Image-caption web data:

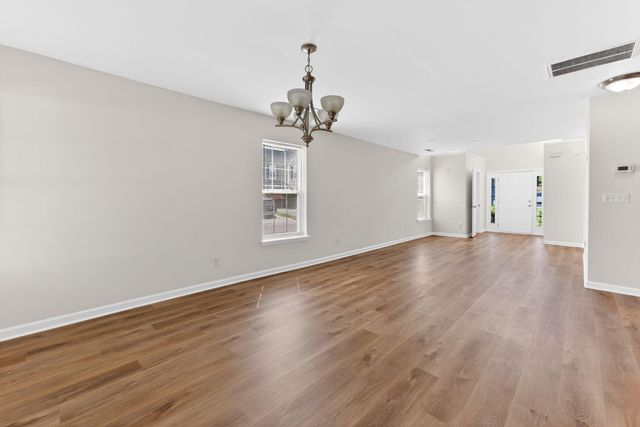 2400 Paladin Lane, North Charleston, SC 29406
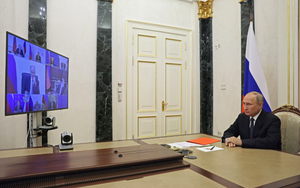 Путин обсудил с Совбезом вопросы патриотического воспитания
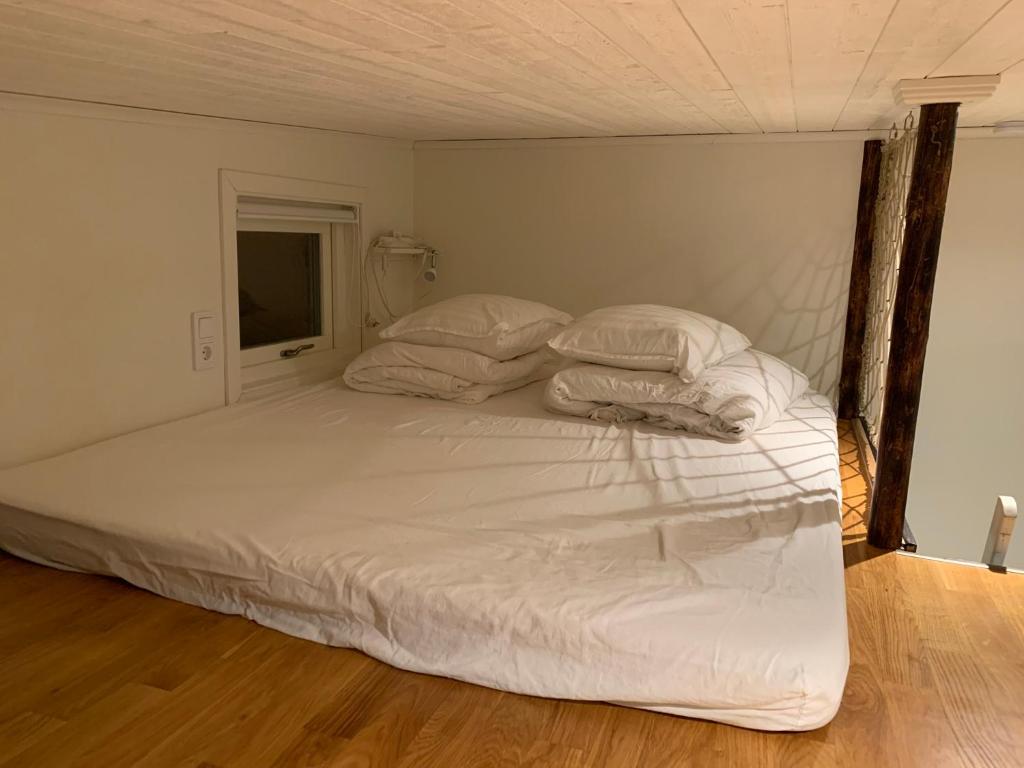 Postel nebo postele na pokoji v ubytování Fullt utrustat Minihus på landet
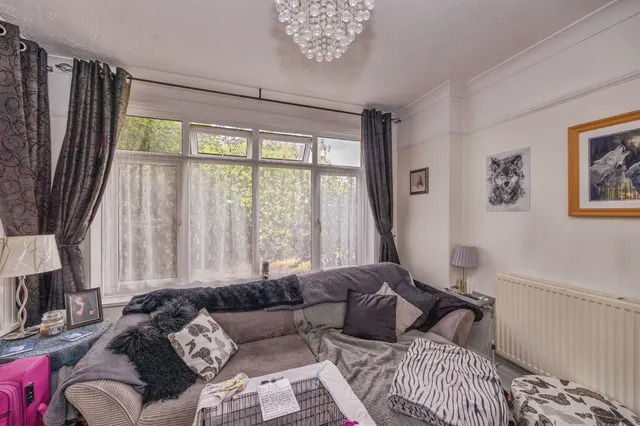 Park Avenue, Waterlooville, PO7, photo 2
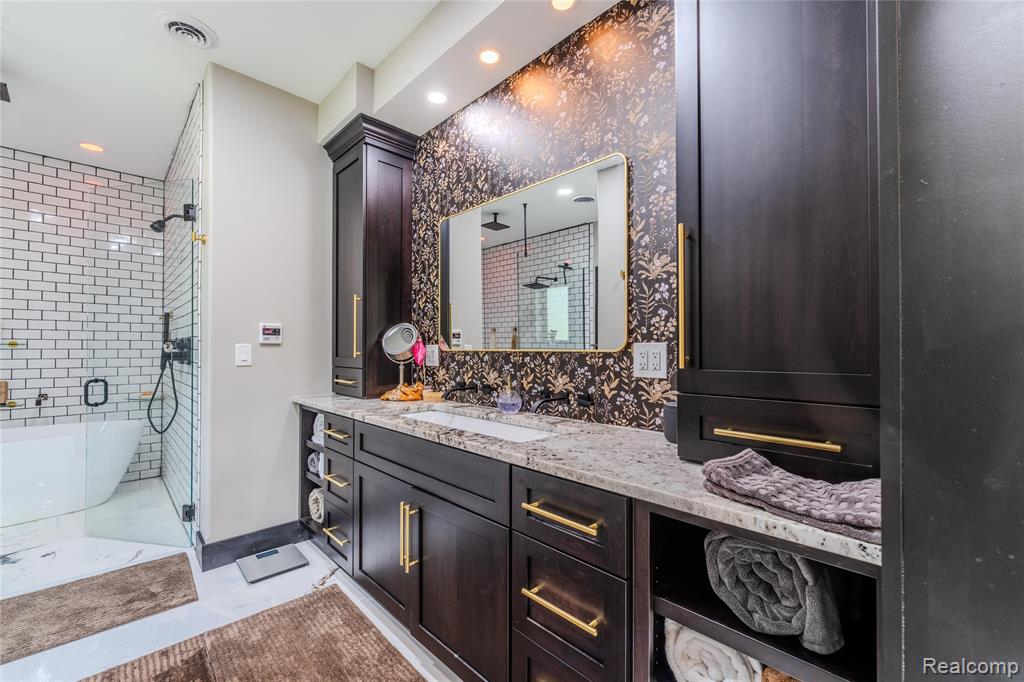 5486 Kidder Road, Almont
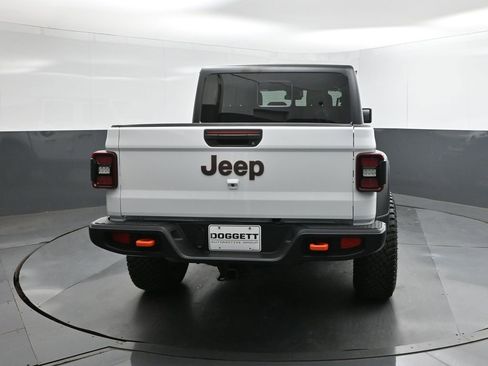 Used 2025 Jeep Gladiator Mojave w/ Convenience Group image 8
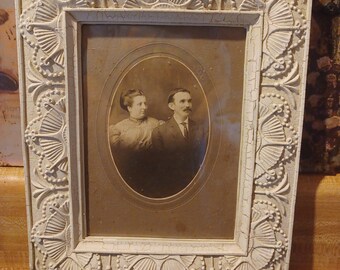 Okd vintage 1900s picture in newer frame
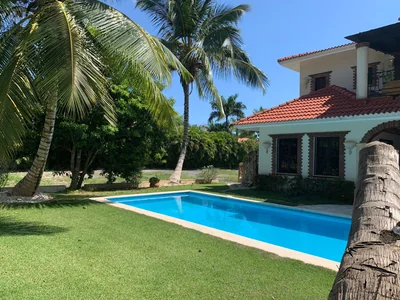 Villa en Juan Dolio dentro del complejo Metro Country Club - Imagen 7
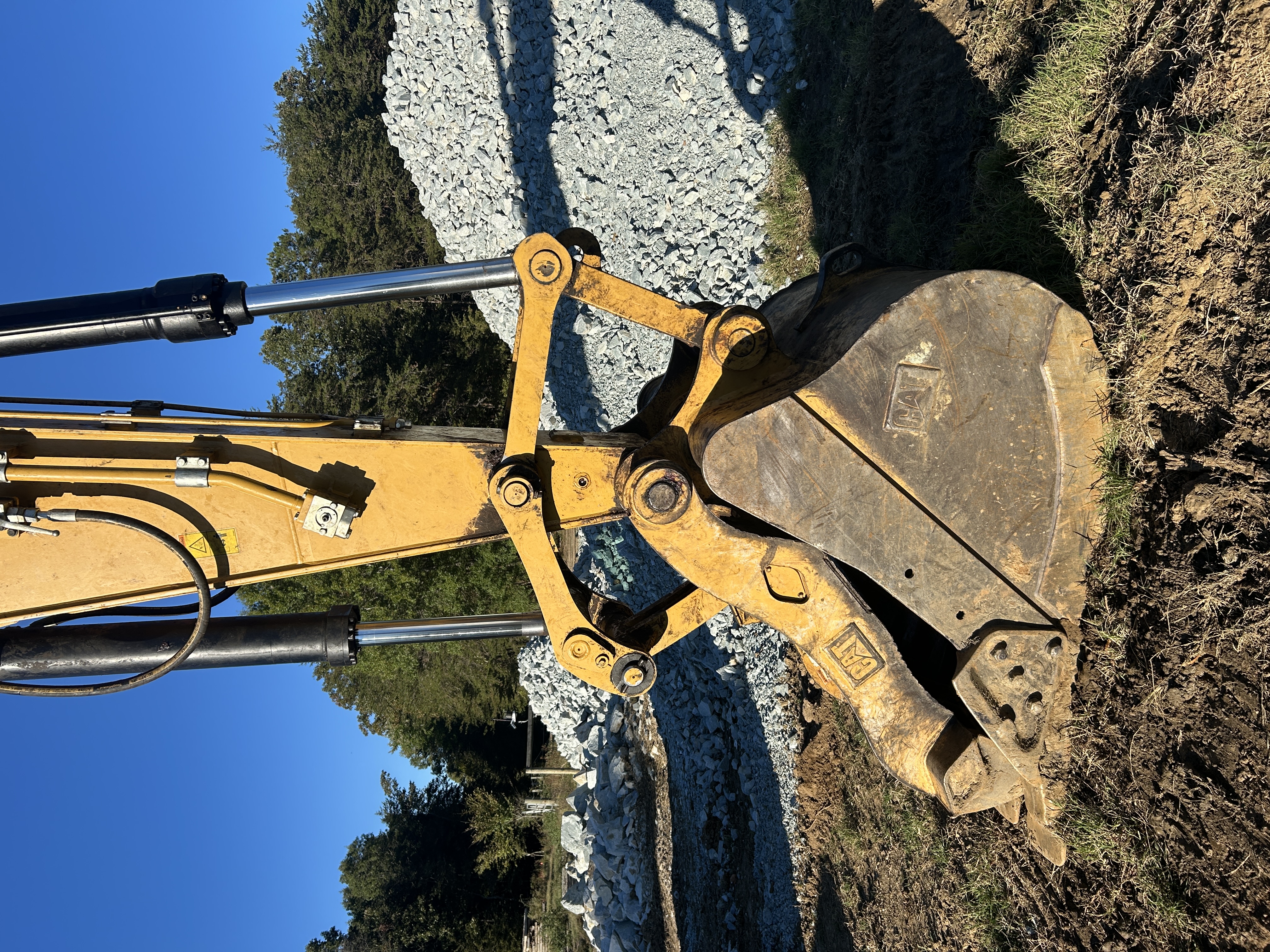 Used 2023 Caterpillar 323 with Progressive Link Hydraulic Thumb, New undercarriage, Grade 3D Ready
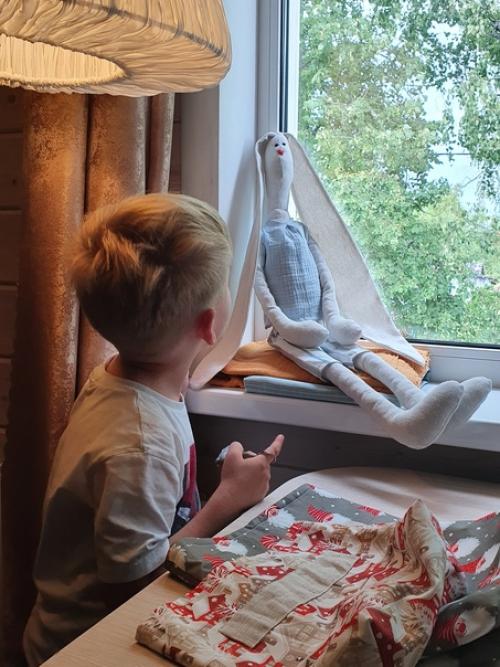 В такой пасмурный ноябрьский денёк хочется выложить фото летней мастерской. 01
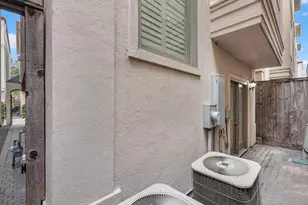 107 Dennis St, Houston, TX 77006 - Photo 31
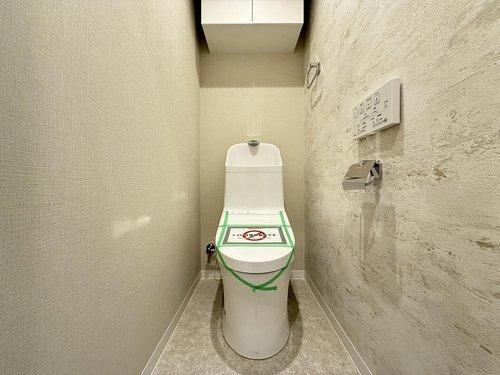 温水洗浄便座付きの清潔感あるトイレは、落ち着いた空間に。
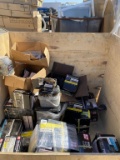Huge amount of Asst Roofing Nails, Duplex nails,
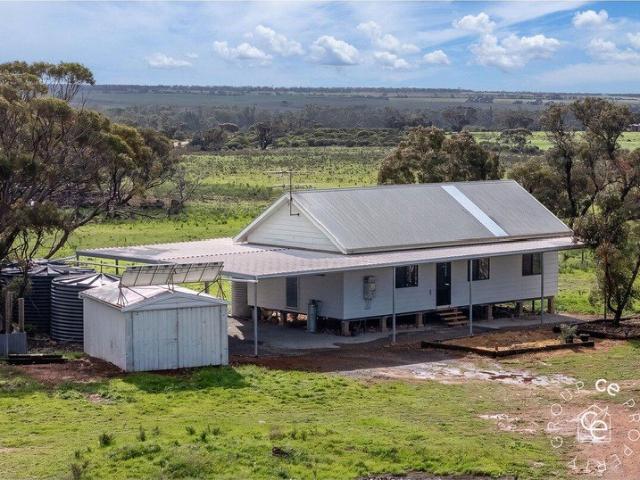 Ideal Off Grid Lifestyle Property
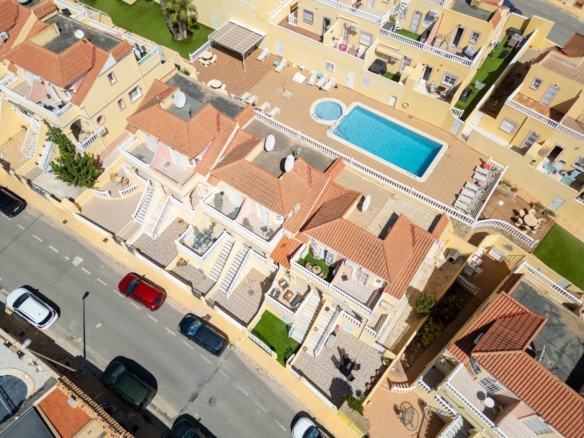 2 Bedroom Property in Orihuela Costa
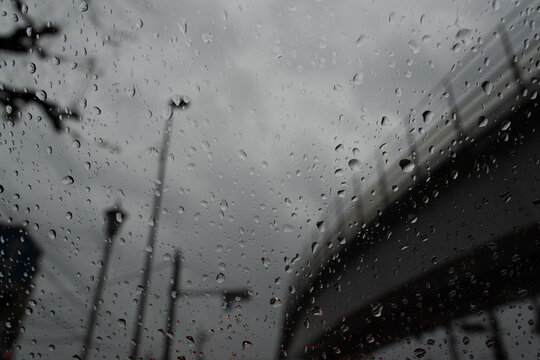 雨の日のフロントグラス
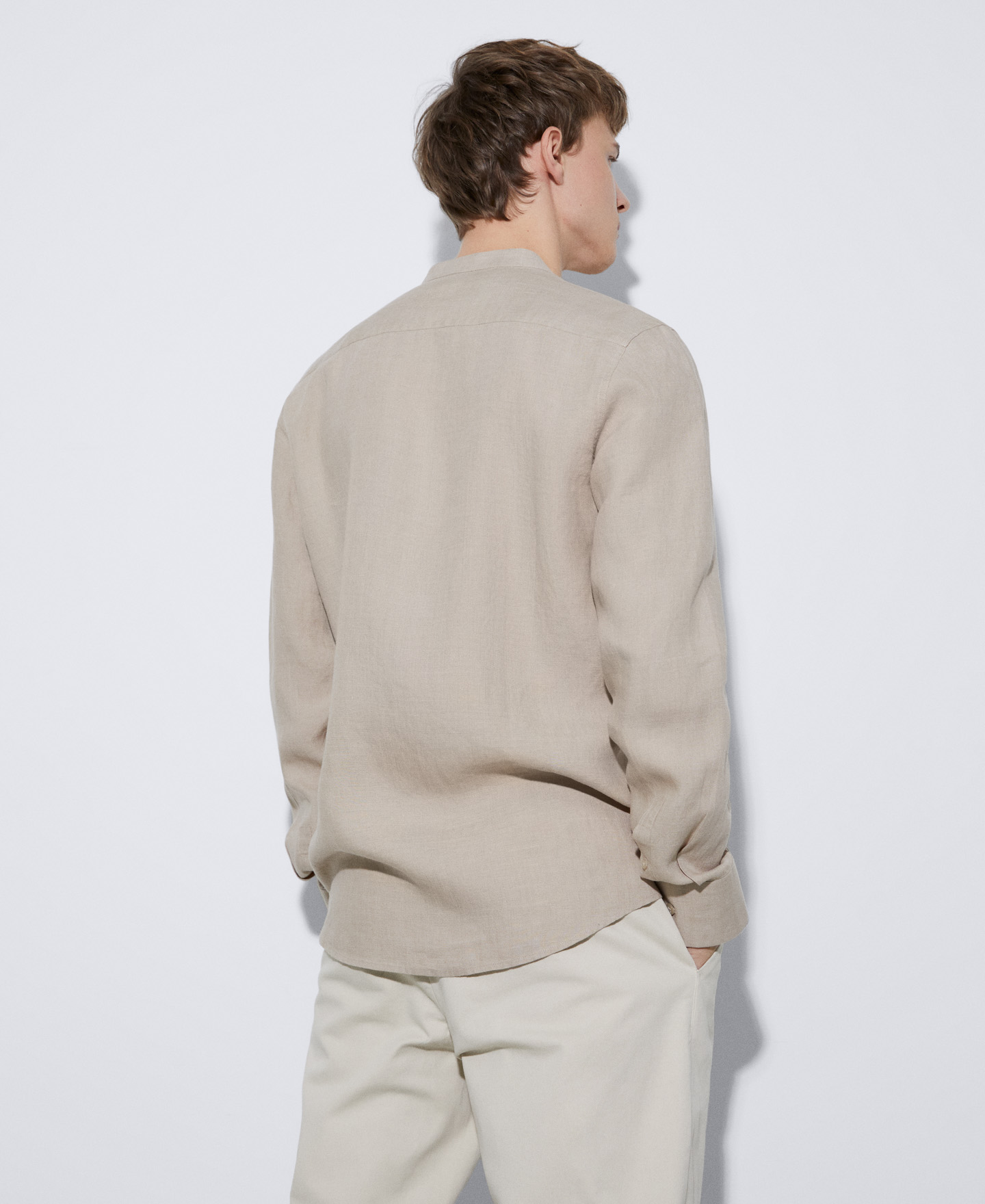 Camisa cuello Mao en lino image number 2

* _Exercise prompt_
With the pictures omitted, print each line of the data above precisely as given.

* _Response_
 2400 Paladin Lane, North Charleston, SC 29406
 Путин обсудил с Совбезом вопросы патриотического воспитания
 Postel nebo postele na pokoji v ubytování Fullt utrustat Minihus på landet
 Park Avenue, Waterlooville, PO7, photo 2
 5486 Kidder Road, Almont
 Used 2025 Jeep Gladiator Mojave w/ Convenience Group image 8
 Okd vintage 1900s picture in newer frame
 Villa en Juan Dolio dentro del complejo Metro Country Club - Imagen 7
 Used 2023 Caterpillar 323 with Progressive Link Hydraulic Thumb, New undercarriage, Grade 3D Ready
 В такой пасмурный ноябрьский денёк хочется выложить фото летней мастерской. 01
 107 Dennis St, Houston, TX 77006 - Photo 31
 温水洗浄便座付きの清潔感あるトイレは、落ち着いた空間に。
Huge amount of Asst Roofing Nails, Duplex nails,
 Ideal Off Grid Lifestyle Property
 2 Bedroom Property in Orihuela Costa
 雨の日のフロントグラス
 Camisa cuello Mao en lino image number 2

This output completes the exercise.